SCM does not provide any packages for NequIP and cannot provide support for the installation. But we have compiled some helpful tips in the Engine ASE documentation that may help you with the installation.
The options for NequIP are:
MachineLearning
- Type
Block
- Description
Options for Task MachineLearning.
NequIP
- Type
Block
- Description
Options for NequIP fitting.
Custom
- Type
Block
- Description
Specify a custom NequIP model.
LMax
- Type
Integer
- Default value
1
- Description
Maximum L value. 1 is probably high enough.
MetricsKey
- Type
Multiple Choice
- Default value
validation_loss
- Options
[training_loss, validation_loss]
- Description
Which metric to use to generate the ‘best’ model.
NumLayers
- Type
Integer
- Default value
4
- Description
Number of interaction layers in the NequIP neural network.
RMax
- Type
Float
- Default value
3.5
- Unit
angstrom
- GUI name
Distance cutoff
- Description
Distance cutoff for interactions.
LearningRate
- Type
Float
- Default value
0.005
- Description
Learning rate for the NequIP weight optimization
Model
- Type
Multiple Choice
- Default value
Custom
- Options
[Custom, ModelFile]
- Description
How to specify the model for the NequIP backend. Either a Custom model can be made from scratch or an existing ‘model.pth’ file can be loaded to obtain the model settings.
ModelFile
- Type
String
- Description
Path to the model.pth file defining the model.
UseRescalingFromLoadedModel
- Type
Bool
- Default value
Yes
- Description
When loading a model with LoadModel or NequiP%ModelFile do not recalculate the dataset rescaling but use the value from the loaded model.
NequIP produces the file <calculation name>.results/optimization/nequip/results/model.pth which contains the deployed model and can be used with the MLPotential engine. Set Backend NequIP and ParameterFile to the path of the deployed model.
6.6.4. ML Parallelization¶
Parallelization options can be set with ParallelLevels
.
Note that Task MachineLearning does not perform AMS jobs during optimization, so the parallelization options are different.
Select the maximum number of parallel committee members with CommitteeMembers or set it to zero to run all committee members in parallel (up to the maximum number of cores or the NSCM environment variable). Select the number of cores each committee is allowed to use with Cores or set it to zero (default) to evenly distribute the available cores over the committee members running in parallel.

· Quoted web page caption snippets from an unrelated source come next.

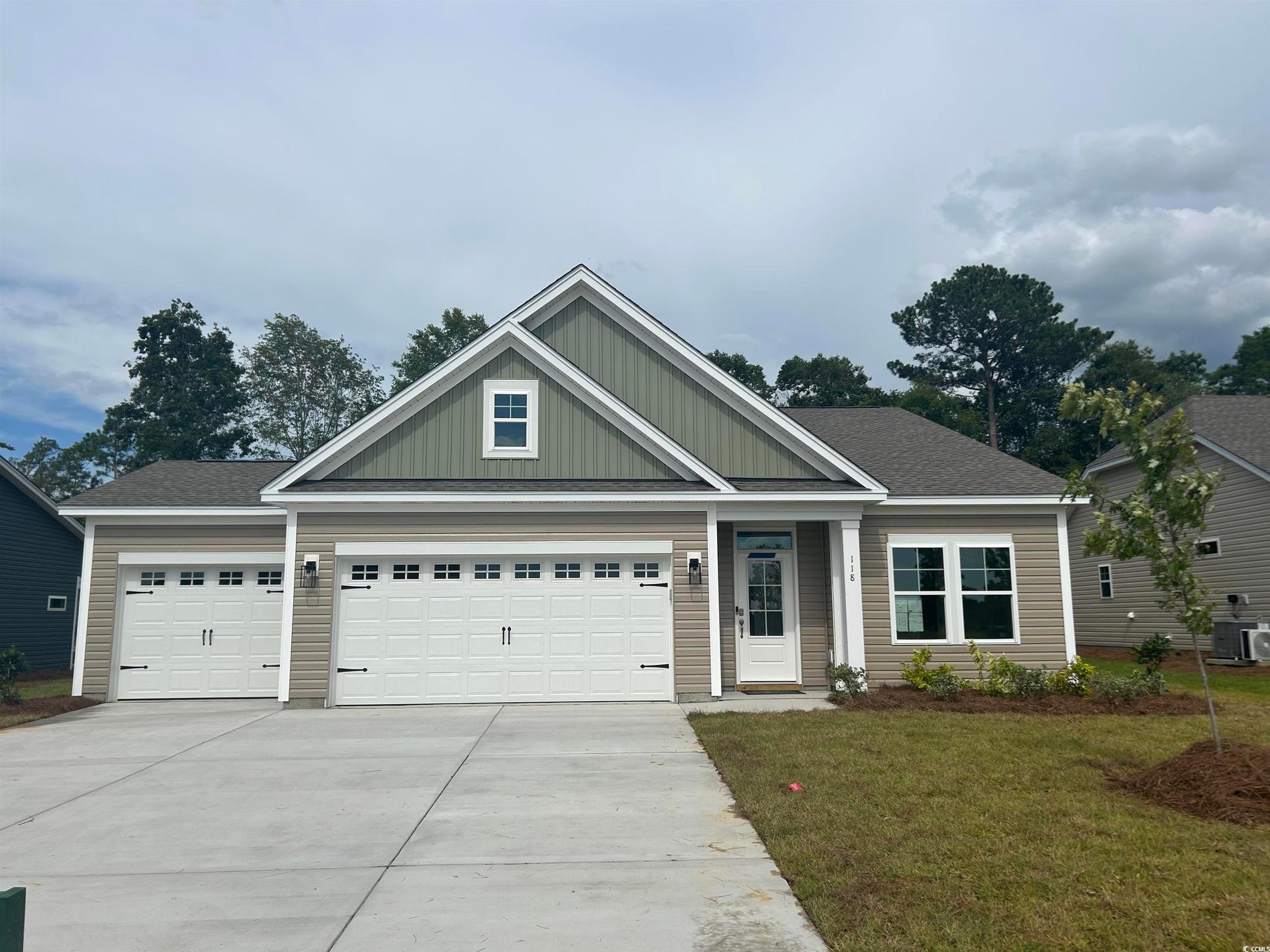 Exterior:Craftsman inspired home featuring concrete driveway, board and batten siding, a garage, a front yar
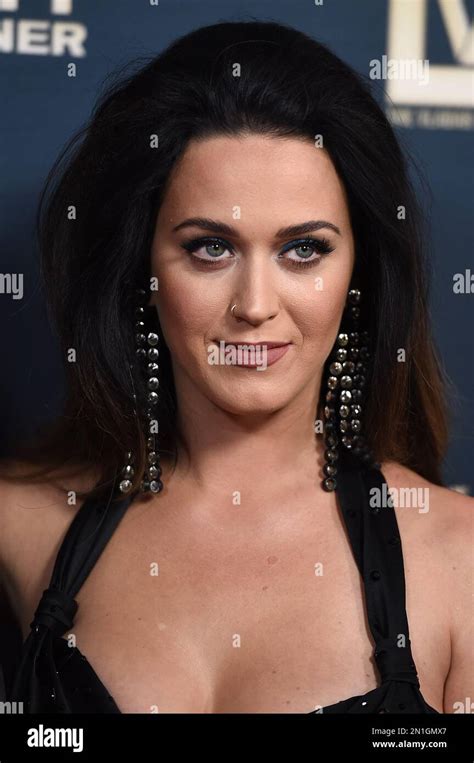 Katy Perry poses during her handprint ceremony after the premiere of ...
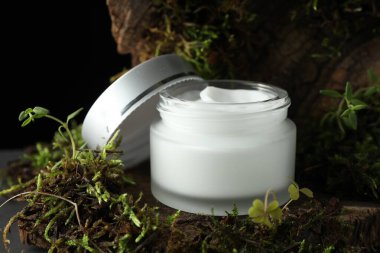 Ağaç kabuğunda bitkilerle birlikte nemlendirici vücut kremi, yakın plan.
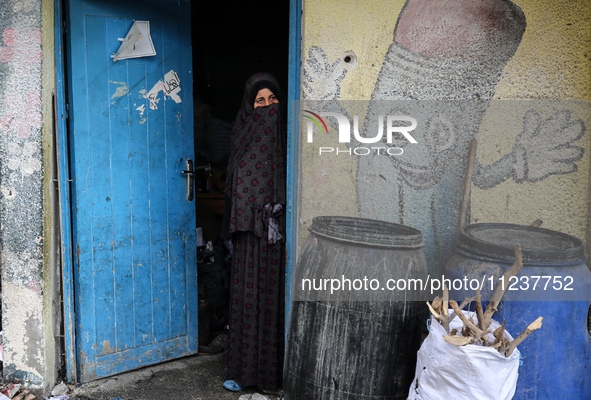 A displaced Palestinian woman is looking out of a classroom as she views the damages at the site of an Israeli strike on a school sheltering...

Some backends may spawn additional threads for database management, but they should not be using substantial cpu time. GPU offloading is supported through TensorFlow or Pytorch depending on the backend. Currently there are no settings available in ParAMS for GPU offloading, the backends use GPU resources according to their documentation.
ParallelLevels
- Type
Block
- GUI name
Parallelization distribution:
- Description
Distribution of threads/processes between the parallelization levels.
CommitteeMembers
- Type
Integer
- Default value
1
- GUI name
Number of parallel committee members
- Description
Maximum number of committee member optimizations to run in parallel. If set to zero will take the minimum of MachineLearning%CommitteeSize and the number of available cores (NSCM)
Cores
- Type
Integer
- Default value
0
- GUI name
Processes (per Job)
- Description
Number of cores to use per committee member optimization. By default (0) the available cores (NSCM) divided equally among committee members. When using GPU offloading, consider setting this to 1.